• WHAT TO WORK ON
Everything in the records below from the line containing "Cream Black Wool Decor" through the line containing "Fluorescent Light Covers" is to be reproduced exactly, those two lines included; no picture is to be copied.

*** Opening of SUPPLIED DATA ***

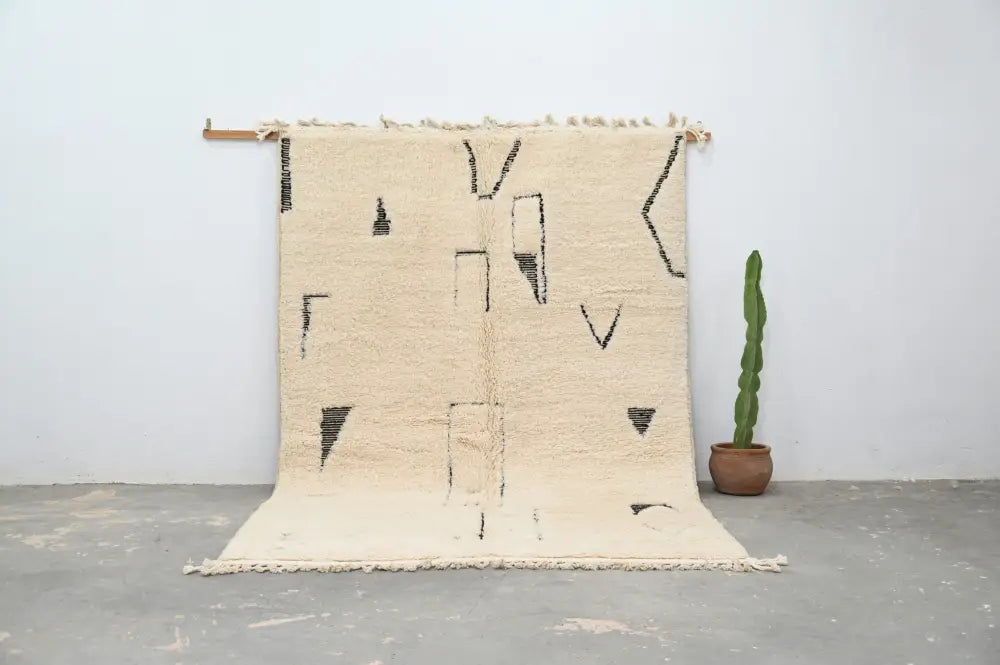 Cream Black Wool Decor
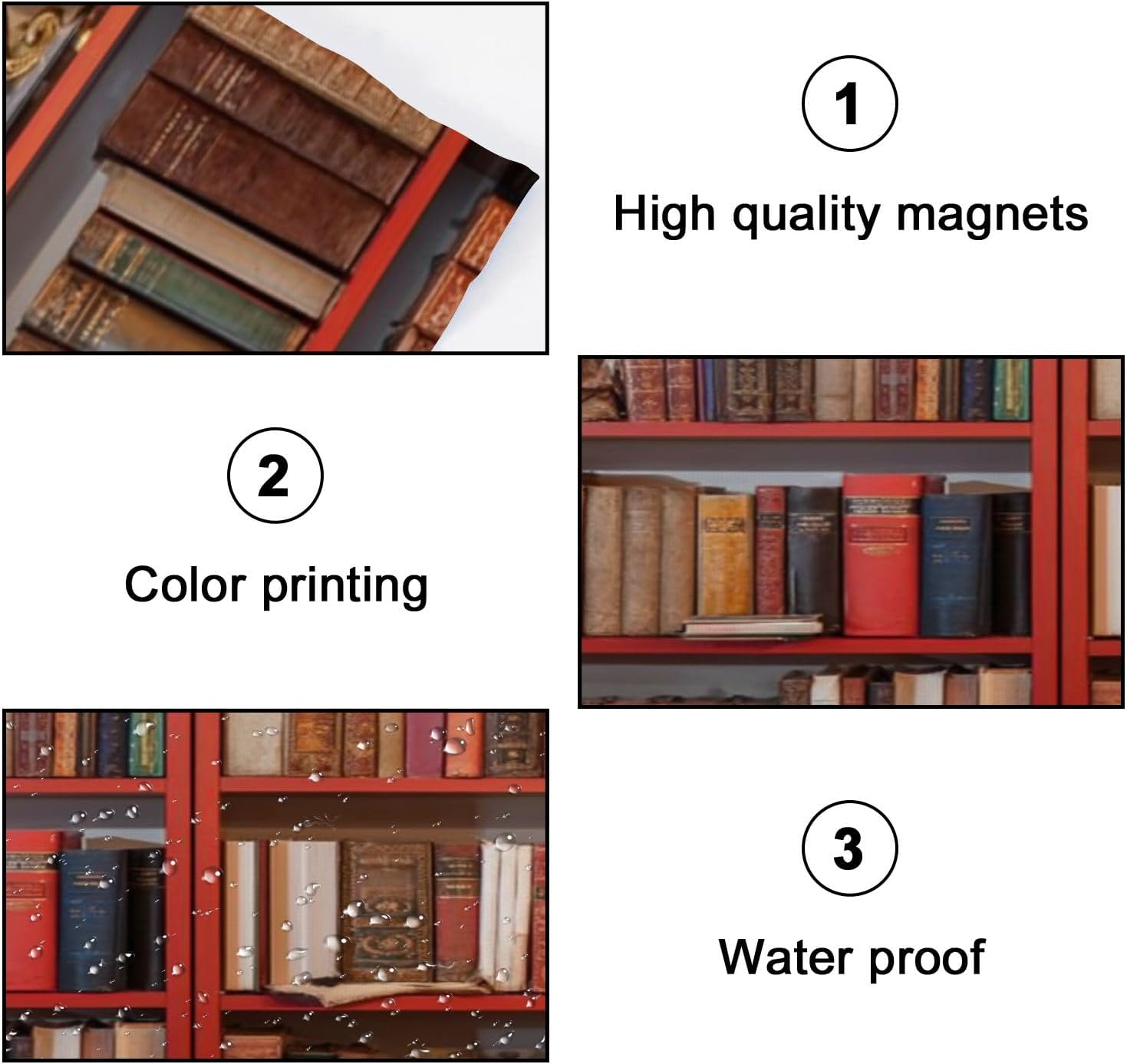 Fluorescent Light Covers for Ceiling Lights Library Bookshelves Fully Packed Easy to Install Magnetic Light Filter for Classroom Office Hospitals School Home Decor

*** Close of SUPPLIED DATA ***
*** Opening of SUPPLIED DATA ***

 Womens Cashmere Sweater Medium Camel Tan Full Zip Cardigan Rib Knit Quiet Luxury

*** Close of SUPPLIED DATA ***

• SOLVED PROBLEM
 Cream Black Wool Decor
 Fluorescent Light Covers for Ceiling Lights Library Bookshelves Fully Packed Easy to Install Magnetic Light Filter for Classroom Office Hospitals School Home Decor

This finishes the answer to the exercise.